The University of Arizona now has two fully accredited medical schools.
UA officials announced Wednesday that the UA College of Medicine — Phoenix was granted full accreditation by the Liason Committee on Medical Education (LCME). The LCME is the national accrediting authority for medical education programs leading to M.D. degrees in the United States and Canada.
The full accreditation is earlier than expected. UA officials had originally projected they'd gain full accreditation in 2018.
The UA College of Medicine — Phoenix was created 10 years ago as a branch campus of the UA College of Medicine — Tucson, which opened in 1967.
In 2012, the UA College of Medicine — Phoenix received "preliminary" accreditation with the LCME. That marked the point when students first were accepted as part of the separate accreditation. In 2015, the next step of "provisional" accreditation was granted. Full accreditation is the final step.

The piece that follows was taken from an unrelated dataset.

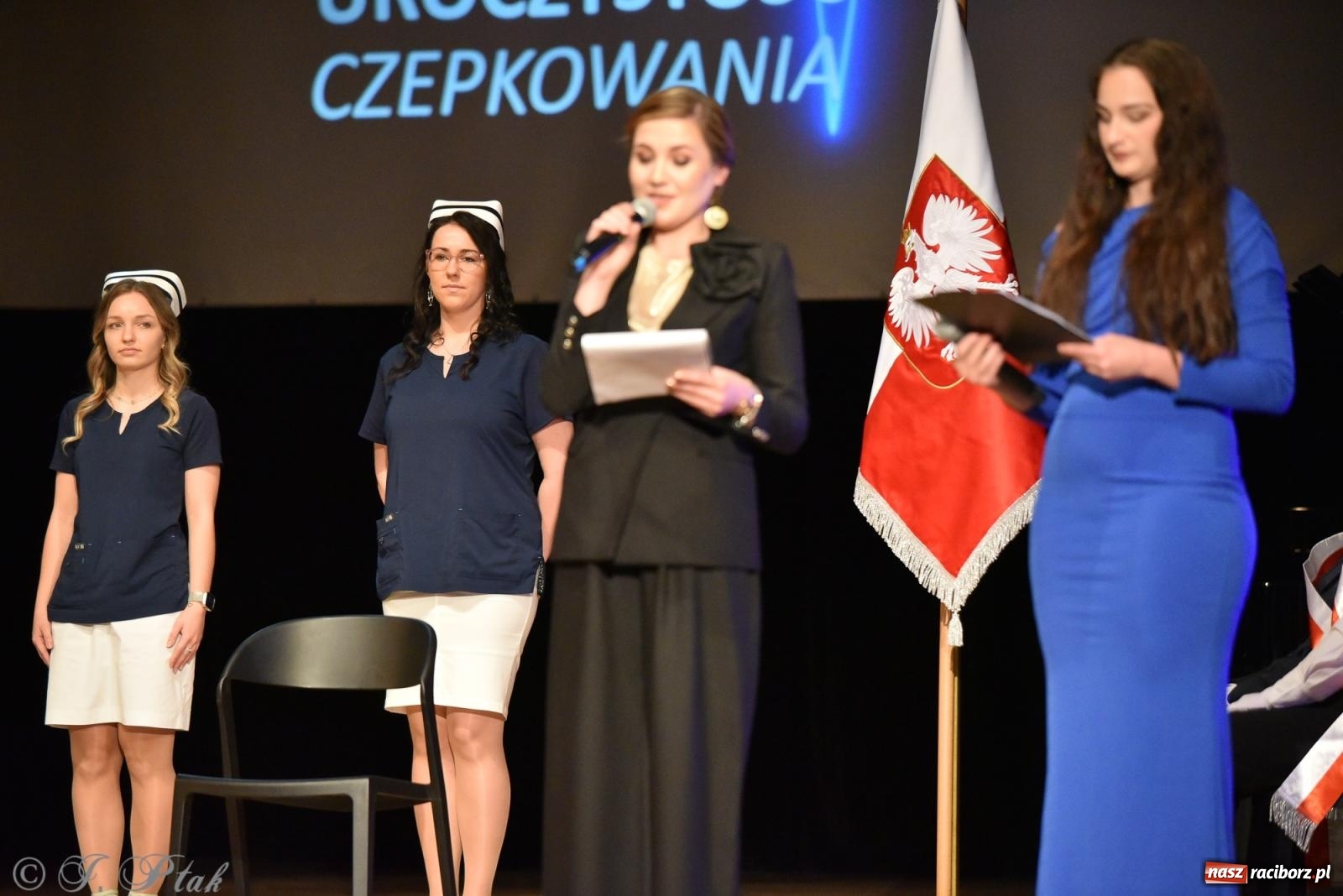 Zdjęcie w galerii na portalu naszraciborz.pl: Pierwszy stopień wtajemniczenia. Czepkowanie w raciborskiej ANS [FOTO i WIDEO] wiadomości z regionu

To date, the UA College of Medicine — Phoenix has graduated 354 physicians, with classes of about 80 students per year.
Earning full accreditation is an important milestone in the evolutionary history of the Phoenix medical school, UA President Dr. Robert C. Robbins said in a prepared statement.
"Full accreditation assures students that they are getting an outstanding education and it demonstrates to Arizona residents that the University of Arizona is graduating exceptional physicians," said Robbins, who is a cardiac surgeon.
Dr. Kenneth S. Ramos, interim dean of the UA College of Medicine – Phoenix, received a call last Friday from the LCME, notifying him that the college would move from provisional accreditation status to full accreditation, UA officials said this morning.
The LCME completed its latest site visit earlier this spring.
"This significant milestone has been reached because of the collaborative spirit of our faculty and staff and the outstanding leadership of Dean Ramos," said Dr. Leigh A. Neumayer, interim senior vice president for the UA Health Sciences.
"This announcement acknowledges the strength and excellence of this college and our ability to transform today's students into tomorrow's health care leaders."
The LCME is expected to provide a comprehensive report within the next month detailing the site visit and the factors for granting full accreditation.
During the accreditation process, more than 100 performance elements are evaluated to establish whether a medical school is in good standing.
There are now five medical schools in Arizona — the two UA medical schools; the Mayo Clinic School of Medicine, which is opening an Arizona campus in Scottsdale this summer; and Midwestern University and A.T. Still, which both operate osteopathic medical schools in the Phoenix area.
A sixth medical school — Nebraska-based Creighton University School of Medicine — has medical students doing third and fourth year rotations in Arizona.